In one embodiment, substantially the entire reflective layer 12 is covered or molded into a plurality of corner reflectors 15 that are aligned in alternating offset directions as shown in FIGS. 2 and 4. Disposed disposed between the outer perimeter edges 21, 22, 23 on adjacent corner reflectors 15 is a flexible intermediate section 24, 25, 26, respectively that acts as a living hinge. When viewed, six adjacent corner reflectors 15 are aligned in a star, radial pattern each with one vertex pointing to a common center 30. Because all of the outer perimeter edges 21, 22, 23 on each corner reflector 15 are longitudinally aligned with at least one outer perimeter edge on the six surrounding corner reflectors 15, each common center 30 is intersected by three axis 32, 33, 36 formed on the reflective layer 12. When the reflective layer 12 is a thin, molded or stamped metallic layer, it may be bent long one of the three axis 32, 33, 36 that intersect the common center 30 as shown in FIG. 6 to conform to the shape of support structure 5.

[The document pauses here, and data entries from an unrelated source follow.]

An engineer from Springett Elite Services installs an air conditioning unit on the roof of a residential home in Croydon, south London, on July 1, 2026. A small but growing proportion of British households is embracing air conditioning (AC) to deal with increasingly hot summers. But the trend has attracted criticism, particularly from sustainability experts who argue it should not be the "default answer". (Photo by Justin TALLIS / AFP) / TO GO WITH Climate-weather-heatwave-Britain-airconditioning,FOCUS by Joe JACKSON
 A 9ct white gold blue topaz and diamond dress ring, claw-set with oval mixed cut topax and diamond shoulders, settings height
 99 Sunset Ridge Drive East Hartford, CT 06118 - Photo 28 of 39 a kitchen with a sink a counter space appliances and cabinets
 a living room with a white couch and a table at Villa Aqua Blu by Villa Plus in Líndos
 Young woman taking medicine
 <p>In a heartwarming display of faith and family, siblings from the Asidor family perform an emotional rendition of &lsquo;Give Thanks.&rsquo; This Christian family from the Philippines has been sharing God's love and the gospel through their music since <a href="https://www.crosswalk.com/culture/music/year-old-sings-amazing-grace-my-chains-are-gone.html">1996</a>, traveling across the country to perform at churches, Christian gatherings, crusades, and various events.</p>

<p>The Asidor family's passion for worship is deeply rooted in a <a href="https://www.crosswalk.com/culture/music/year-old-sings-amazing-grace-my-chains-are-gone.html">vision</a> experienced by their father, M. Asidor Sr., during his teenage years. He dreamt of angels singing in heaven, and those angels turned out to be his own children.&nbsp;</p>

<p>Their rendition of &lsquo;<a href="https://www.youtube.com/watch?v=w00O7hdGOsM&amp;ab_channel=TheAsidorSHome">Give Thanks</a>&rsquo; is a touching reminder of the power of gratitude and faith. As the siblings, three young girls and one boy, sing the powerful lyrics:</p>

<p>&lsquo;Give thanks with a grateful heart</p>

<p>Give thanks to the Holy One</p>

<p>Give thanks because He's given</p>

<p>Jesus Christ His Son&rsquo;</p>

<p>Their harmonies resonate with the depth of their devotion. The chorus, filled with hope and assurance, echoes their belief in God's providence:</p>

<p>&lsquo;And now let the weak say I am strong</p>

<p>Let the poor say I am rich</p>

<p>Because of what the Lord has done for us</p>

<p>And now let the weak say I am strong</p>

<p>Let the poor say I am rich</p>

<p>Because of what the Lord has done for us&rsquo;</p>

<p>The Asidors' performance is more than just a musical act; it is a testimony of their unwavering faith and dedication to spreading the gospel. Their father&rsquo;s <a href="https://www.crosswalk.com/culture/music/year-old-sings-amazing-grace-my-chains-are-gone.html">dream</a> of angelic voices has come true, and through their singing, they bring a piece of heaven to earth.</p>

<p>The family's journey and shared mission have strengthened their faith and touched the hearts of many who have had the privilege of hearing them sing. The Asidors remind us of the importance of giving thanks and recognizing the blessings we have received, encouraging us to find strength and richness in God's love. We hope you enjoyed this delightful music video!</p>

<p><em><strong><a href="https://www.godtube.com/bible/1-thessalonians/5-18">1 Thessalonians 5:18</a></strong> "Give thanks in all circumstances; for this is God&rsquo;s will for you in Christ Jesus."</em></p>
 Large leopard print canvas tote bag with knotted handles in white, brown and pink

It should be understood that the radar reflector 10 can be manufactured in any size and shape and use different sizes of corner reflector sizes. Preferable, the corner reflectors 15 should be 1/16 to 3 inches across. The depth of each corner reflector 15 is approximately equal to one half the distance across the corner reflector 15. The intermediate sections 24, 25, 26 are 1/16 to one-half inch wide. In some instances, however, the corner reflectors 15 y may be larger. It should be understood however, the larger size of corner reflectors 15 the ability to bend the reflective layer 12 around a substrate surface is reduced. Therefore, when larger corner reflectors 15 are used, the radar reflector 10 typically uses an molded intermediate substrate 20 on which the reflective layer 12 is mounted or applied
When the reflective layer 12 is made of thin metallic material, it can be easily bent and conform to any surface. As stated above, the reflective layer 12 may also be a liguid covering applied to an intermediate substrate with corner reflective voids or cavities formed thereon. FIGS. 7-10 show different surfaces or objects on which the reflector 10 may be attached or mounted. For example, FIG. 7 is a side elevation view of a curved hull 90 of a watercraft showing the radar reflector 10 attached thereto. FIG. 8 is a side elevation view of the sail 92 with the shape conforming radar reflector 10 attached thereto. FIG. 9 is a side elevational view of a piece of rigging 94 with an optional rigid support tube 40 attached to the rigging 94 and the cylindrical shaped radar reflector 10 attached over inside the support tube 40.
FIG. 10 is a front elevational view of a paddle 50 with a cylindrical shaped radar reflector 10 extended around the upper section of the handle 60.
In compliance with the statute, the invention described has been described in language more or less specific as to structural features. It should be understood however, that the invention is not limited to the specific features shown, since the means and construction shown, comprises the preferred embodiments for putting the invention into effect. The invention is therefore claimed in its forms or modifications within the legitimate and valid scope of the amended claims, appropriately interpreted under the doctrine of equivalents.